Mit Schreiben vom 25. Juni 2020 (siehe Anlage 11 der Klagebegründung, Bl. 280 ff. eGA; nach Aktenlage „vorab per Fax“ an dem Tag übermittelt sowie per Post am 1. Juli 2020 eingegangen) wandte sich die Prozessbevollmächtigte an den Beklagten unter Benennung der Steuernummer und des Betreffs „Einkommensteuererklärung 2019 | Konkretisierung des Antrags nach § 21 Abs. 2 Satz 3 UmwStG“. Sie führt dort unter Darstellung der vertraglichen Vereinbarungen und Leistungsbeziehungen (sowie erneuter Vorlage der o.g. Berechnung) aus, dass bezüglich der „Veräußerung der A-Anteile gegen den Erhalt von D-Anteilen“ ein qualifizierter Anteilstausch i.S.d. § 21 Abs. 2 Satz 3 UmwStG vorliege und dass im Rahmen der Einkommensteuererklärung lediglich die erhaltene Gegenleistung „in Form von Bargeld i.H.v. … €“ in die Ermittlung des Veräußerungsgewinns nach § 17 EStG eingeflossen sei. Anschließend führt sie aus, dass nach ihrer Auffassung mit der Steuererklärung ein (konkludenter) Antrag auf Buchwertfortführung gestellt worden sei und bat um Bestätigung, dass ein solcher Antrag gestellt worden sei. Hilfsweise wurde ein Antrag auf Wiedereinsetzung in den vorherigen Stand für einen solchen Antrag gestellt, da aufgrund einer Verkettung unglücklicher Umstände, die mit den besonderen Umständen der Corona-Krise in den vergangenen Monaten zusammenhingen, eine ausdrückliche Erklärung vor der Abgabe der Steuererklärung unterblieben sei. Wegen der weiteren Einzelheiten wird auf das Schreiben verwiesen.

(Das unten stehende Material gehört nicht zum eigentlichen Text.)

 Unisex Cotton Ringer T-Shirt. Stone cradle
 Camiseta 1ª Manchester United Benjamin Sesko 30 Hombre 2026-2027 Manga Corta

Am 12. August 2020 (siehe bereits Schilderung oben) übersandte das FA G die (auszugsweise) deutsche Übersetzung des SPA an den Beklagten.

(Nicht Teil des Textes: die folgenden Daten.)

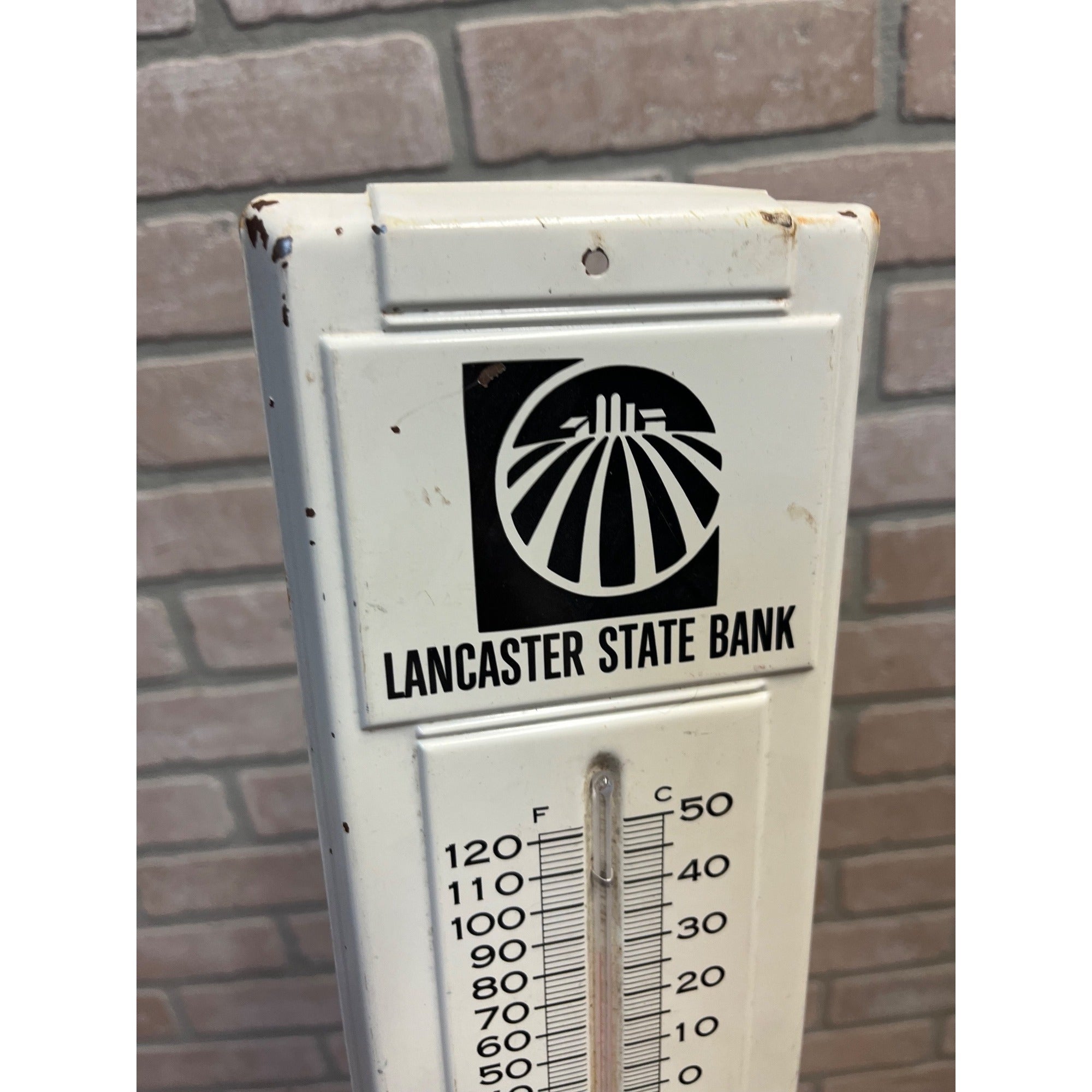 Vintage Lancaster Wisconsin State Bank Advertising Wall Metal Sign 14"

Mit Schreiben vom 20. August 2020 bat die Prozessbevollmächtigte erneut um Bestätigung, dass der Antrag nach § 21 Abs. 2 Satz 3 UmwStG wirksam gestellt worden sei.

Mit Bescheid vom 21. August 2020 (Anlage 12 der Klagebegründung, Bl. 286 ff. eGA; siehe ebenso Einkommensteuerakte, Trennblatt „21.08.2020 ...“), der am 24. August 2020 als bekanntgegeben gilt, lehnte der Beklagte „die Anfrage auf Bestätigung eines konkludent gestellten Antrags gemäß § 21 UmwStG“ wegen Fristversäumnis als auch den hilfsweise gestellten Antrag auf Wiedereinsetzung in den vorigen Stand gemäß § 110 Abgabenordnung (AO) ab. Der Bescheid war mit einer Rechtsbehelfsbelehrung versehen. Die Ablehnung wurde im Wesentlichen damit begründet, dass in dem Erklärungswert in der Einkommensteuererklärung kein hinreichend deutlicher (konkludenter) Antrag erblickt werden könne und die erst später eingereichten postalischen Unterlagen nicht berücksichtigt werden könnten. Die Wiedereinsetzung wurde insbesondere unter Hinweis auf ein nicht kausal durch die Corona-Krise verursachtes Verschulden abgelehnt. Wegen der weiteren Einzelheiten wird auf den Bescheid (die Verfügung) verwiesen.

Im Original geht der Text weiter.